Additionally, the cyber army might engage in offensive cyber operations during the airstrikes, disrupting Iran’s military and civilian communication systems, preventing rapid responses. These actions are typically carried out by combat mission teams specialized in offensive cyber tasks, possibly including paralyzing enemy early warning systems or creating false threats or multiple attacks.
Axios reported that the cyber command could assist in battle damage assessment through cyber means, typically falling under the purview of the National Security Agency (NSA), monitoring internal communications within Iran.
Forces from the NSA or cyber army may monitor internal communications within Iran to determine if they have successfully diverted Iran’s attention. Initially, the U.S. reportedly had some bombers fly towards Guam as a decoy, diverting Iran’s attention from the B-2 bomber group traveling from the U.S. mainland across the Atlantic to the target.

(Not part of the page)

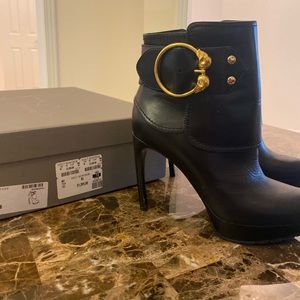 Alexander McQueen Women's Black Twin Skull Buckle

After the attack, the cyber army may shift to defensive tasks, launching preemptive actions against potential threats, including constraining the attack capabilities of major Iranian hacker groups. Combat mission teams dedicated to the Middle East region or Cyber National Mission Force units tailored to specific Iranian threat actors could be involved in defense operations.
While the specific role of the U.S. cyber army in overall operations remains classified, this operation reaffirms that modern U.S. military operations have fully integrated digital and physical capabilities, with the Cyber Command now an indispensable core unit in the U.S. defense framework.